Cinquenta anos depois do golpe que instaurou a ditadura
militar no Brasil – e em meio aos 25 anos de transição democrática em nosso
país –, a Boitempo publica “Ditadura: o que resta da transição”.
Organizada pelo cientista político Milton Pinheiro, a
coletânea enfrenta o desafio de reinterpretar uma história em que vários
aspectos estão ainda por decifrar, desde o contexto por trás do golpe até a
campanha pelas Diretas Já. O livro chegou às livrarias no dia 1º de abril.
Com ensaios inéditos de pensadores como João Quartim de
Moraes, Anita Prestes, Lincoln Secco, Décio Saes, Marco Aurélio Santana, entre
outros, o livro traça um rico panorama das continuidades e rupturas na história
contemporânea brasileira, abrangendo temas como as mutações da ideologia, o
lugar dos intelectuais, dos sindicatos, a mobilização comunista, as políticas
econômicas e a presença dos partidos políticos.
Obra de inflexível veio crítico, é sobretudo a postura
ousada que distingue Ditadura: o que resta da transição da bibliografia
existente sobre o assunto: os autores enfatizam, sob perspectivas diversas, a
centralidade do caráter de classe da ditadura militar para compreender suas origens,
bem como seu legado.
Marcos Del Roio, no prefácio, é categórico: tratava-se de
uma “ditadura de classe, que buscava impedir a eventual realização de uma
revolução democrática pelas forças populares”.
A forma pela qual se pensou a gestão da política econômica
durante o regime militar é destrinchada pelo cientista político Adriano Codato,
ao investigar a questão da estrutura administrativa do Estado e o problema do
arranjo ideal para organizar o processo de tomada de decisões.
Aprofundando a análise das bases econômicas na ditadura e na
transição, o economista Nilson Araújo de Souza divide o período em cinco
momentos, que atentam para o complexo de políticas econômicas desenvolvidas e
suas relações.
Já a historiadora Anita Prestes analisa o papel desenvolvido
por seu pai, Luiz Carlos Prestes, histórico dirigente comunista, após o
processo de anistia, para contribuir com a luta pelas liberdades democráticas e
por uma transição progressista.
É também à resistência que se volta Leonilde Servolo de
Medeiros em sua reflexão sobre a luta pela terra durante a ditadura militar,
que procura dar conta das diversas formas de disputa que ocorreram: das ligas
camponesas à reforma agrária, passando pelos processos de assentamento imposto
pelo governo militar.
Com um olhar mais voltado para os impactos do período
ditatorial na politização trabalhista, o sociólogo Marco Aurélio Santana
desvenda a gênese de um novo sindicalismo a partir das contradições da presença
política dos trabalhadores numa conjuntura de arrocho salarial e repressão,
quando os sindicatos agiam em duas vertentes: afirmando e contradizendo o velho
sindicalismo.
O filósofo marxista João Quartim de Moraes fornece uma
aprofundada análise da natureza de classe do Estado brasileiro. Versando sobre
ideologia, militarização do poder e a dinâmica do capital, Quartim desvenda a
especificidade desse instrumento político durante a ditadura.

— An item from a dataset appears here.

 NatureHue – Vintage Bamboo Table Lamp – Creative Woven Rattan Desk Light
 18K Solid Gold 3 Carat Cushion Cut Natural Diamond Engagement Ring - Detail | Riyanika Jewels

Cabe a Décio Saes uma reflexão a respeito das frações da
classe dominante no capitalismo, que analisa de forma original, testando o
arcabouço teórico de Nicos Poulantzas contra a configuração de classes durante
a ditadura brasileira.
O historiador Lincoln Secco traça um precioso panorama
analítico dos partidos políticos de 1978 até hoje, refletindo sobre o legado da
ditadura.
Para analisar a política dos comunistas brasileiros durante o
período, Milton Pinheiro parte da ação teórico-prática do PCB e o desencontro
de suas formulações para reinterpretar o fechamento do ciclo da revolução
burguesa no Brasil.
Já David Maciel lança um olhar crítico sobre a articulação
da Aliança Democrática na superação da ditadura militar e o papel desempenhado
por esse bloco de forças políticas na transição para a democracia até o governo
Collor.
Se a campanha Diretas Já é analisada por Vanderlei Neri sob
a óptica contraditória de uma mobilização de massas com direção burguesa, é com
uma perspectiva mais distanciada que o sociólogo Anderson Deo faz um balanço do
processo de transição a longo prazo da ditadura militar até as últimas duas
décadas, ou, em suas palavras, da “institucionalização à autocracia burguesa no
Brasil”.
Toda essa complexa reflexão já parte das orelhas do livro,
com o texto assinado por Marcelo Ridenti.